Despite a 2.30am wake-up for a 5.00am start, during his first show he was overcome with emotion. Specifically, the handover to Greg James, whose show had long been a staple of his own morning routine.
He recalls a jaw-dropping conversation he had with Haydn Jones about Radio 1’s listenership. According to the station head, the Early Breakfast show gets an average 2.5 million listeners. “Two and a half million people have heard me talk about my lactose intolerance!” says Olukoga.
He is now a regular cover presenter for the station, and when we speak, he is weeks away from his biggest gig to date. The Lutonian will be circling back to his hometown to present Radio 1’s Big Weekend, introducing the likes of Coldplay and Raye.
It’s here that he pulls up an old tweet to show me, sent on 24 December 2012. It reads: “I’m gonna get to Radio 1 & 1Xtra one day, mark my words.”
Suzanne Pearson
Finishing school, and all the career-defining decisions that come with it, is enough to make any pupil anxious. For Suzanne Pearson, the stakes were especially high. “When you see your parents struggle financially, and the consequences of that, you realise how big a risk it is to go into less stable creative industries,” she recalls.
That was why, “for my A-levels, I did safe subjects: biology, Spanish, English and maths”. But watching Tim Burton’s Edward Scissorhands in an earlier art lesson had awakened a love for film-making, which she pursued at Saturday courses run by the BFI at Sheffield’s Showroom Workstation. “It came down to: do I go into science? Or do this rogue thing where I might never get paid a day in my life?”
Her initial plan was to dive headfirst into the industry. But when she was 17, her mother died. University offered “a good way to have a bit of stability”.
She chose to study film and TV production at the University of York. While working in a café, she took a call from Anne Dawson, then Bursaries Consultant for the RTS, who told her that she’d made the inaugural scheme. It was an emotional conversation. “It was just that I [knew I had] a safety net now,” explains Pearson.
Financially, it was not a level playing field on creative courses like hers. “It did feel like everyone had a MacBook, and I was sitting with a seven-year-old Dell that was dying.”
As well as enabling her to buy a new laptop, the bursary introduced her to other RTS scholars like her. “I realised […] there are people on the same level I can talk to now.”
Regular volunteering at Sheffield DocFest had attracted her to the “big impact” and deeper research demands of documentaries. So, after university, the RTS put her in touch with talent managers at All3Media, and she landed her first job – as a runner at Raw TV.
Soon she was losing herself in the labyrinthine corridors of Heathrow, sniffing out stories for ITV’s Britain’s Busiest Airport. Then getting her hands dirty on location for Discovery UK’s Born Mucky: Life on the Farm.

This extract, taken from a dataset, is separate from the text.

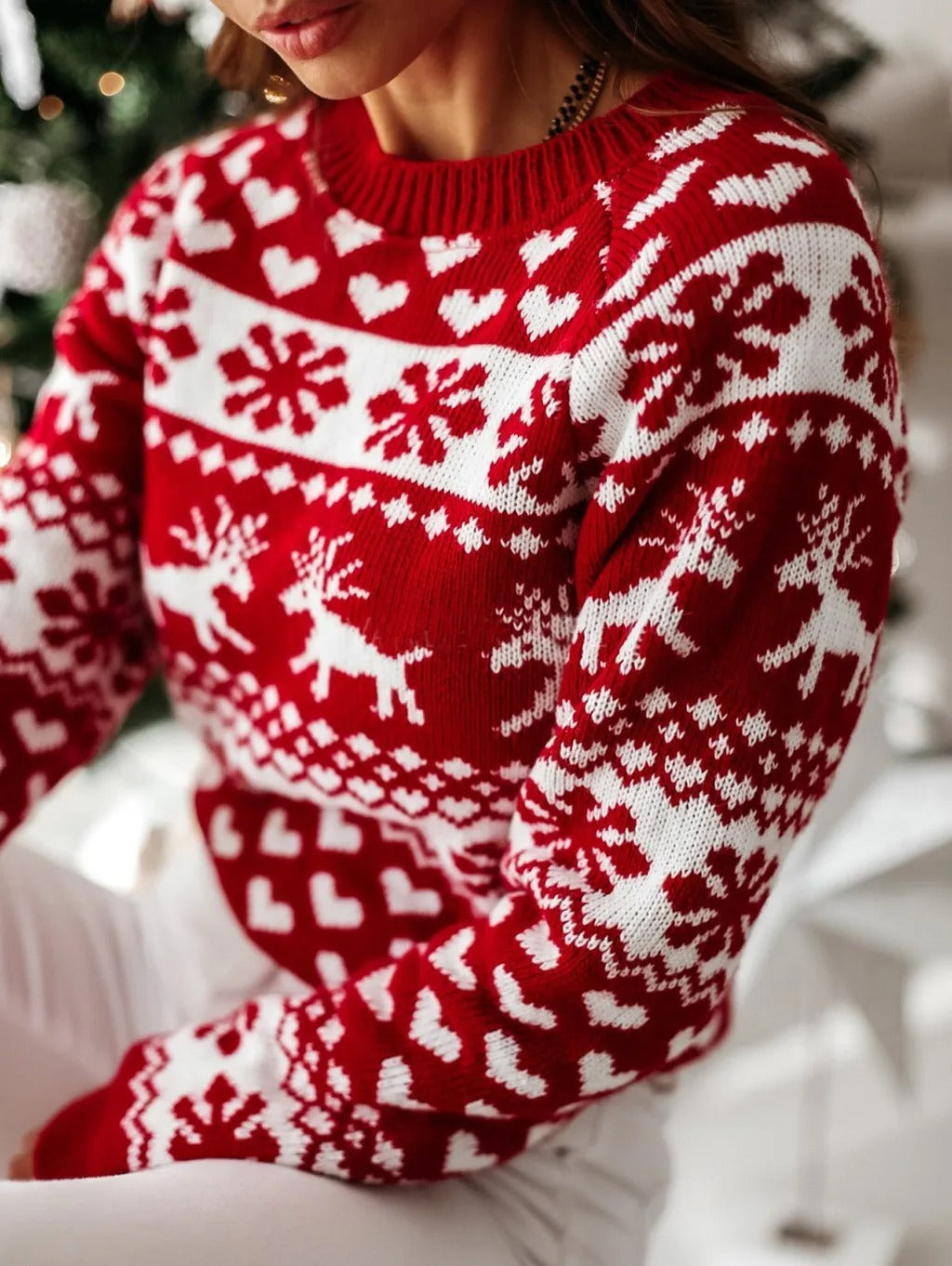 Reese | Women's Fitted Christmas Crewneck Sweater - Image 3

But all the travel and long, unpredictable hours proved taxing. Burnt out after a detour in development, she took the chance during the pandemic to reskill in marketing and worked for a charity in its comms and campaigns department.
Then another call with Dawson reminded her of her need for a more creative outlet. “She was like, ‘Suzanne, you still need to do something more creative.’ Then this content producer role at the BBC came up. It’s only maternity cover, so I don’t know what’s happening after that, but it’s marketing for children’s apps and games, and I really love it.”
Pearson says it’s this permanent network, and steadfast cheerleading, that sets the RTS bursary scheme apart. In other words, she says, “you get an Anne”.